Metal prints come in two flavors: Paper with metallic inks embedded in the paper and prints on actual metal plates with photographic coatings.  Both of those boast lifespans of nearly 100 years, but since the processes that create them have only been around for 10, it’s hard to put a lot of faith in that claim.  Still, metallic prints seem to be the best method of preserving your personal photographic history on a time scale that long.
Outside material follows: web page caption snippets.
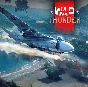 ✅War Thunder - Set A-6E TRAM Intruder Xbox Activation
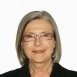 Janice Entwistle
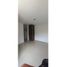 3 Bedroom Apartment for sale in Antioquia, Envigado, Antioquia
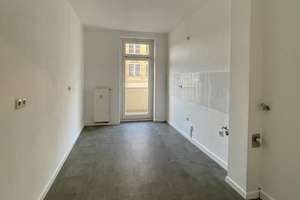 Komplett sanierte 2 Zimmer Wohnung in zentraler Lage – Saxoniastr. 2, 1159 Löbtau-Nord, Dresden – Vorschaubild 5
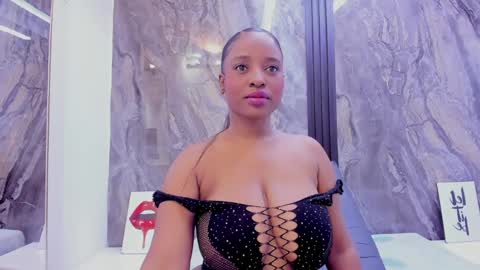 Snapshot of hellenjohansson chatting on April 4, 2026, 7:33 pm Hellen johanson online show from April 4, 2026, 7:33 pm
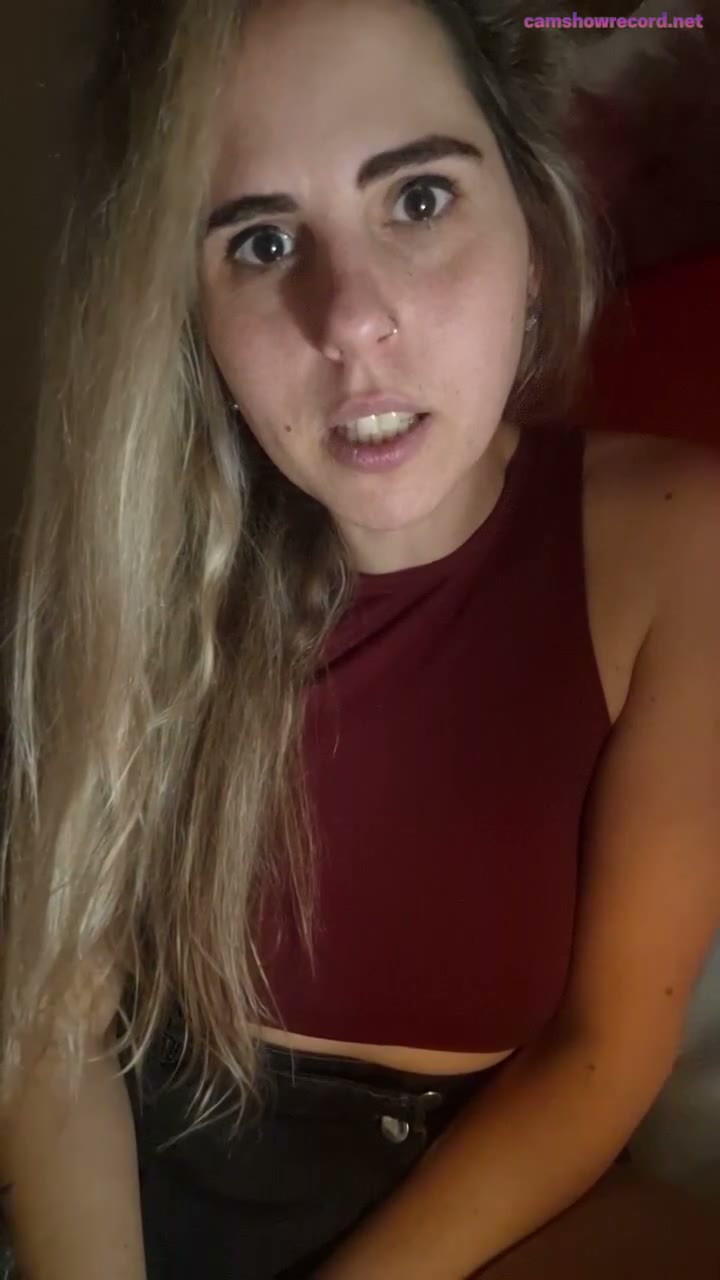 AlaiikaJade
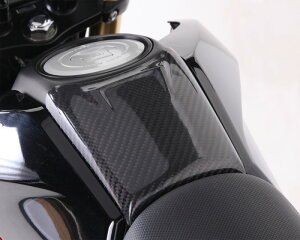 GROM�i�O�����jJC61 �J�[�{���^���N�p�b�h KITACO�i�L�^�R�j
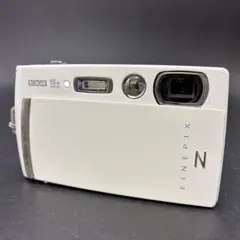 2026年最新】finepix z1000exrの人気アイテム - メルカリ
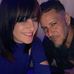 Marcos Ocasio - Facebook
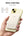 UGREEN 5000mAh Magnetic Wireless Power Bank Beige PB560 Qatar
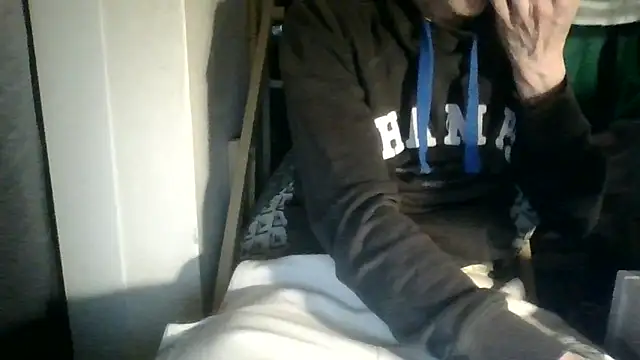 juju78jujuu online show from 10.25.25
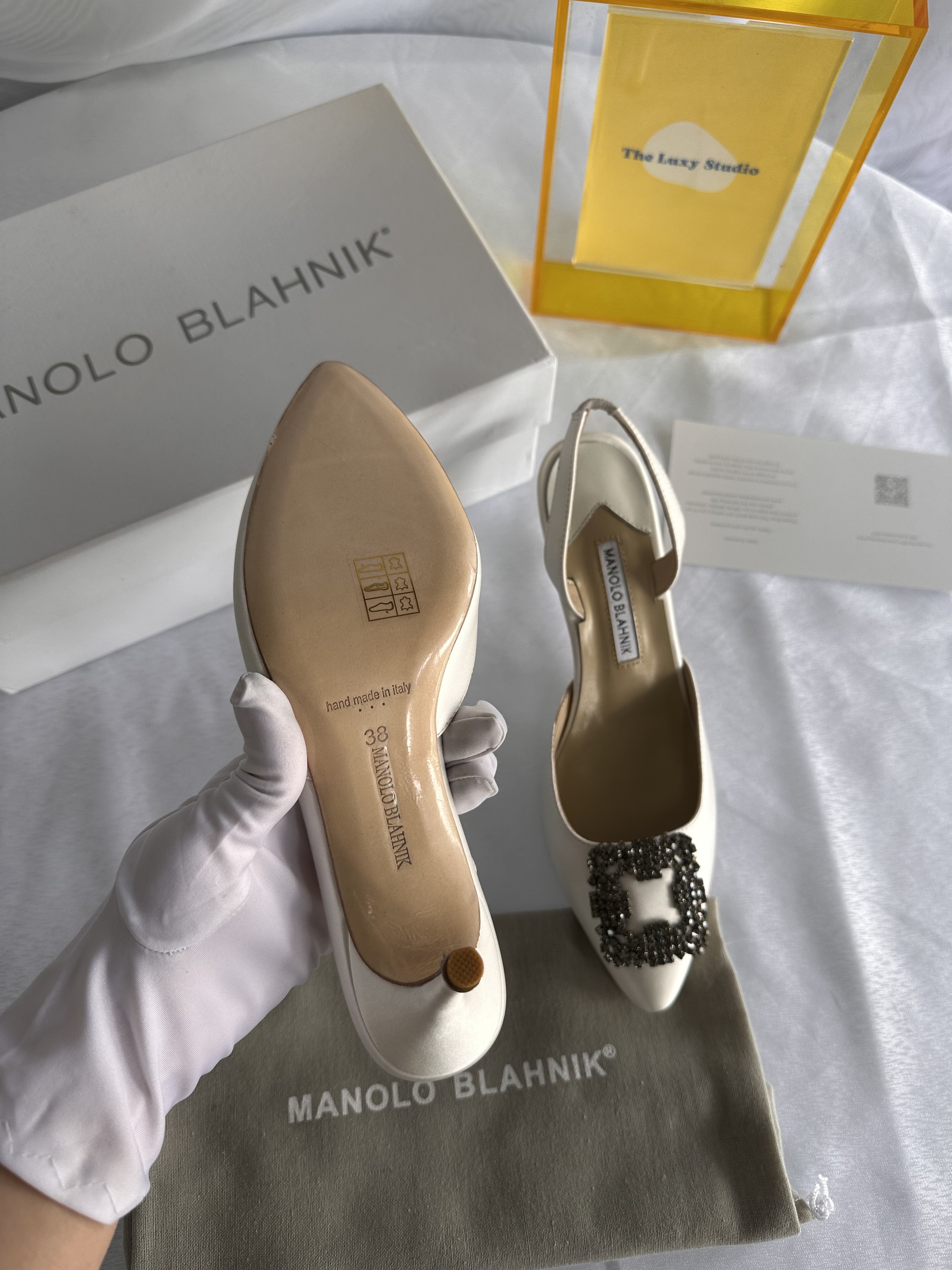 image_638079E3-A7A4-4C3D-B603-EF5290451203_1754038033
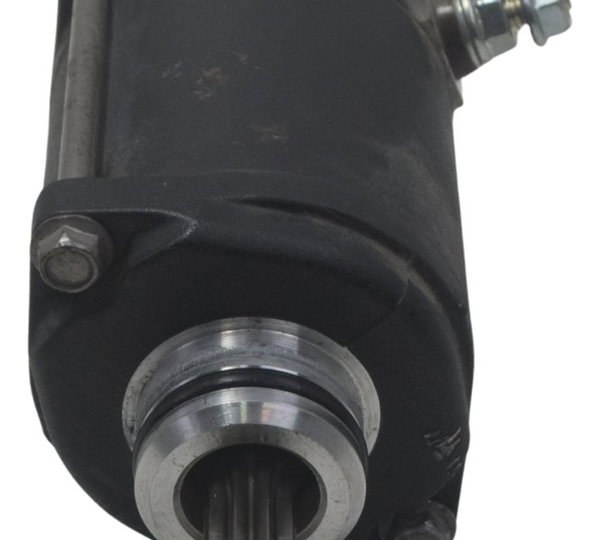 Motor Arranque Bmw G310 Gs 20-24 Original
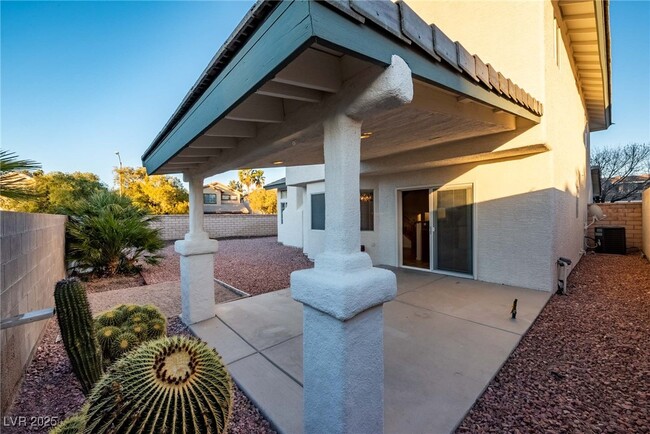 Building Photo - 273 Manzanita Ranch Ln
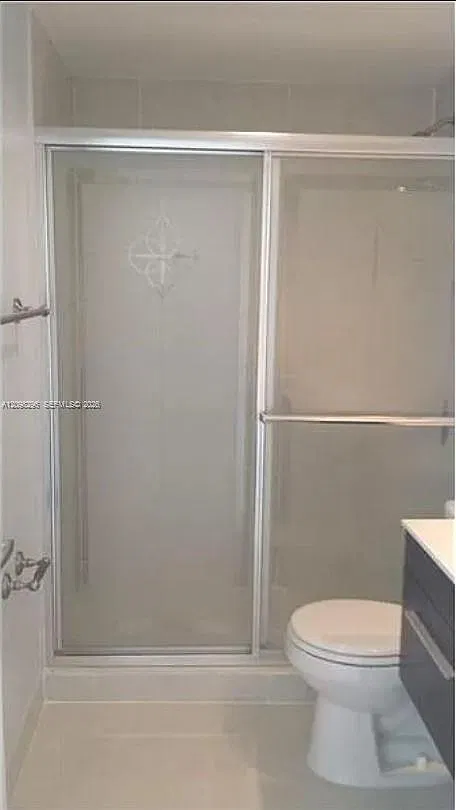 Coastal Towers Condo — Photo 4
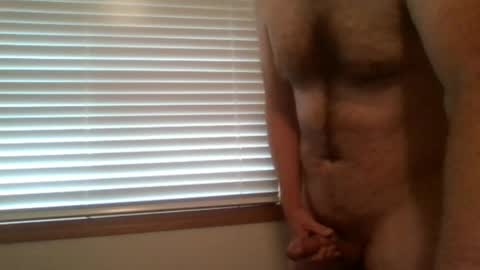 Snapshot of mndaddymn chatting on 05/06/26, 02:33 mndaddymn online show from 05/06/26, 02:33
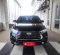 Jual Toyota Kijang Innova 2021 2.0 G di Sumatra Selatan-6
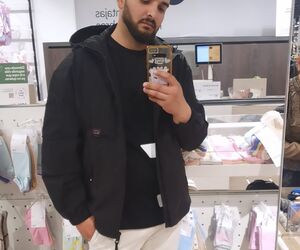 Javier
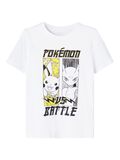 Name it POKÉMON T-SHIRT, Bright White, highres - 13196010_BrightWhite_001.jpg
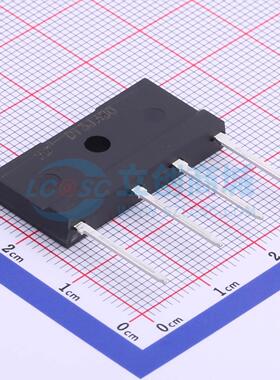 整流桥 D15JA80 JA 800V 3.2A YANGJIE(扬杰) 电子元器件配单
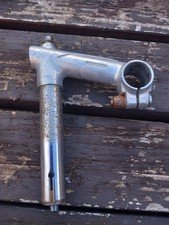 Weinmann Quill Stem 90mm. Vintage 1970's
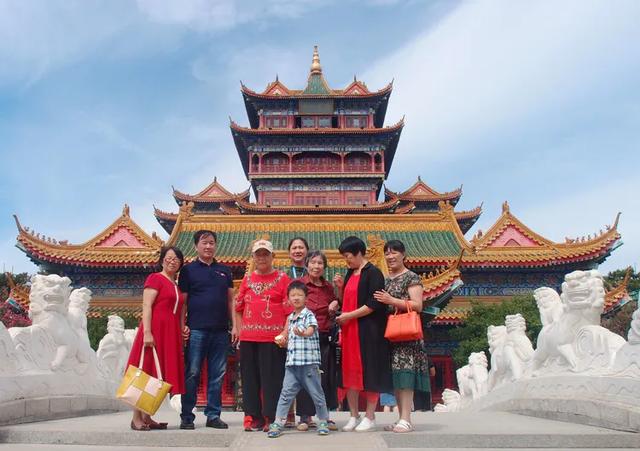 三仙山是哪三仙，三仙山是哪三仙何为方丈瀛洲（<7>扶老携幼花甲游〈桂枝香1首>）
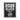 Allstar Worlds Silver Banner Blanket (ANY YEAR)
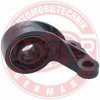 Uloženie, Silentblok,Puzdro MASTER-SPORT GERMANY 36962-PCS-MS Uloženie, Silentblok,Puzdro MASTER-SPORT GERMANY 36962-PCS-MS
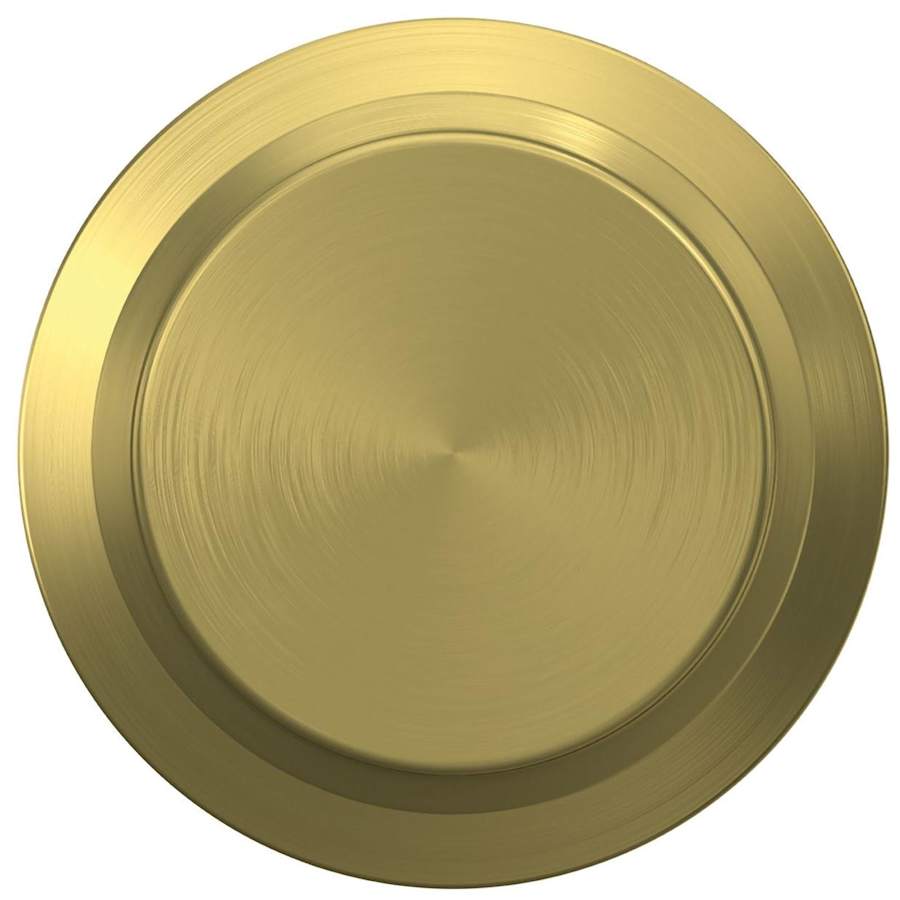 schlage-f10-bwe-4pack-alternate-image-9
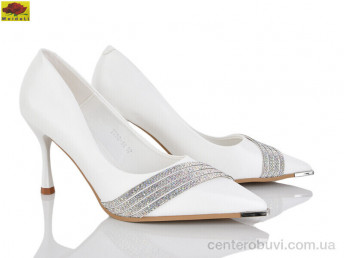 Туфли Mei De Li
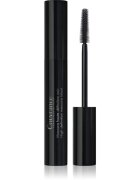 Avene Couvrance High Definition удължаваща спирала за чувствителни очи цвят Black 7 мл.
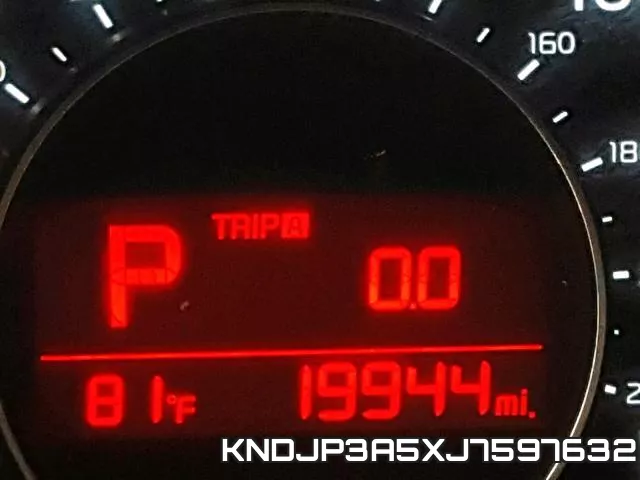 KNDJP3A5XJ7597632 фото 9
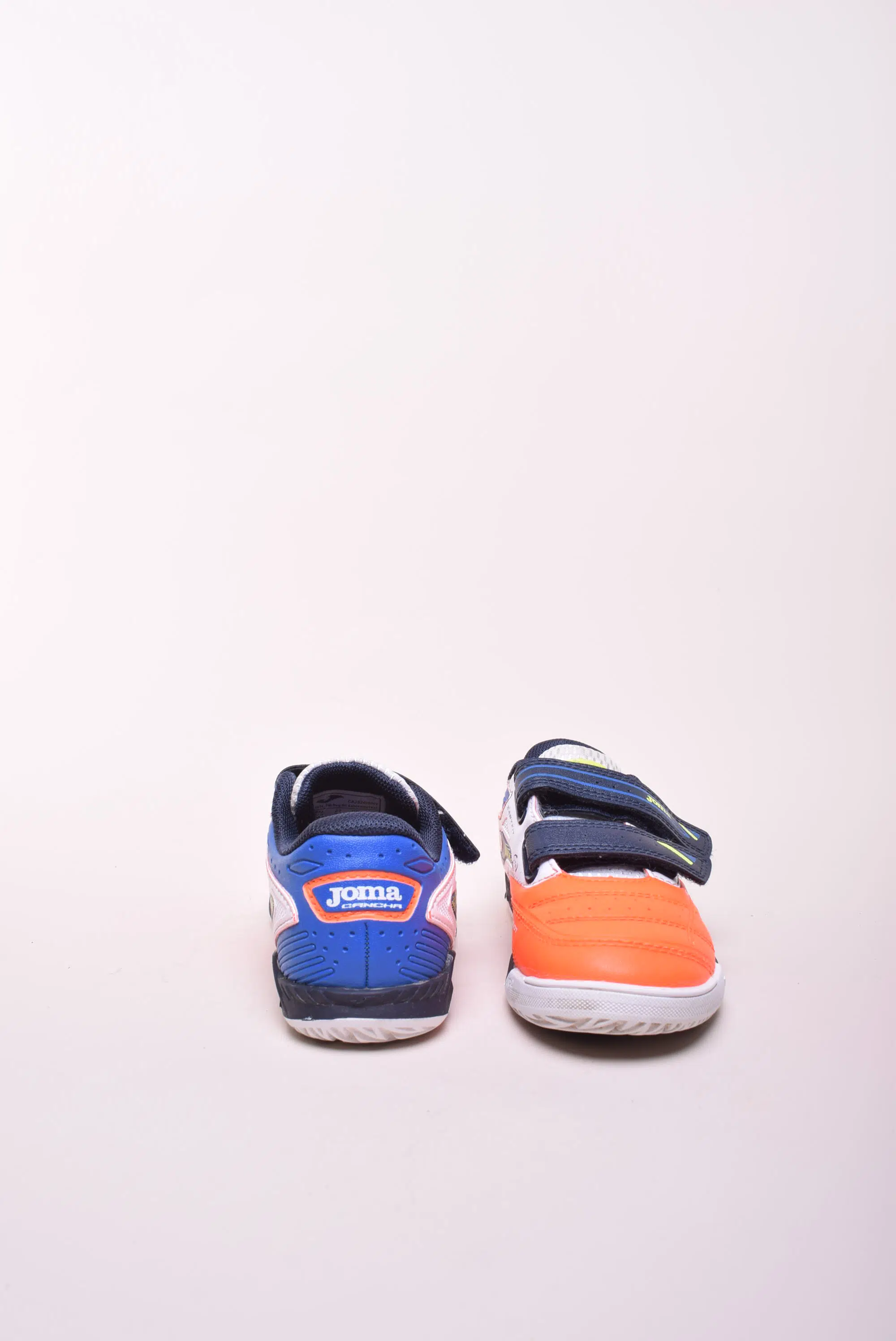 Pantofi sport copii  [2]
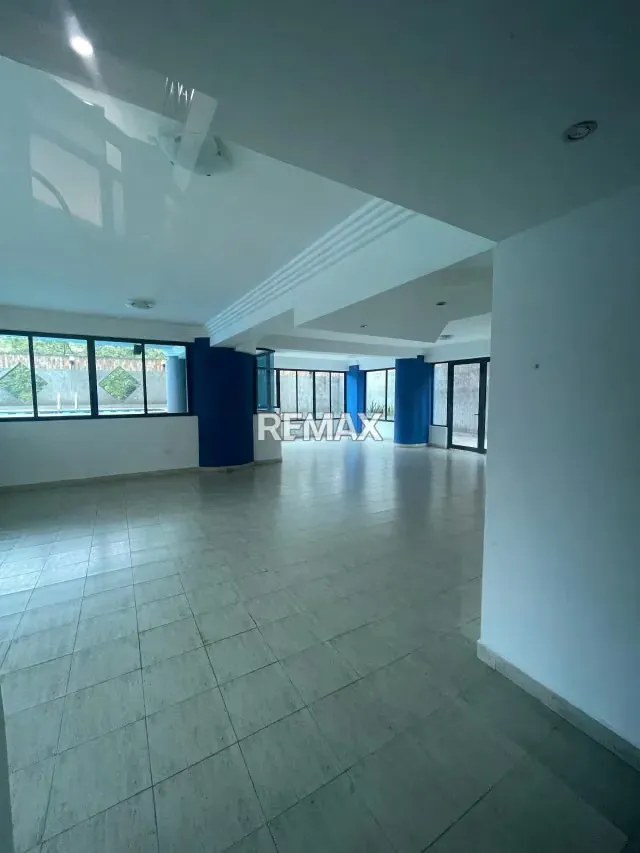 Apartamento en venta Holliday Palace III - 13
Photobooks are another good choice for long term storage, provided they remain in some reasonable range of temperature and humidity.  The advantage is they can be put in storage and discovered, and still viewed, by family decades later.  Provided it doesn’t get wet or moldy, there’s a good chance your kids could find a photobook in 40 years and still view it.

Digital Storage

There are few digital options that will provide generational continuity unless they are upgraded regularly. File formats change, operating systems come and go.  You can’t dump digital images on any kind of storage media and expect it to be accessible in 40 years.  If someone handed you a pancake platter from the 70s would you be able to read it?  With a lot of searching, you might find a data archive company that could read the data, but it’s a long shot.  That’s likely the same situation your kids would face with hard drives of today.

It may seem bizarre to suggest that the best way to preserve your photographic memories is to get prints made, but that, unfortunately, is still the technical reality.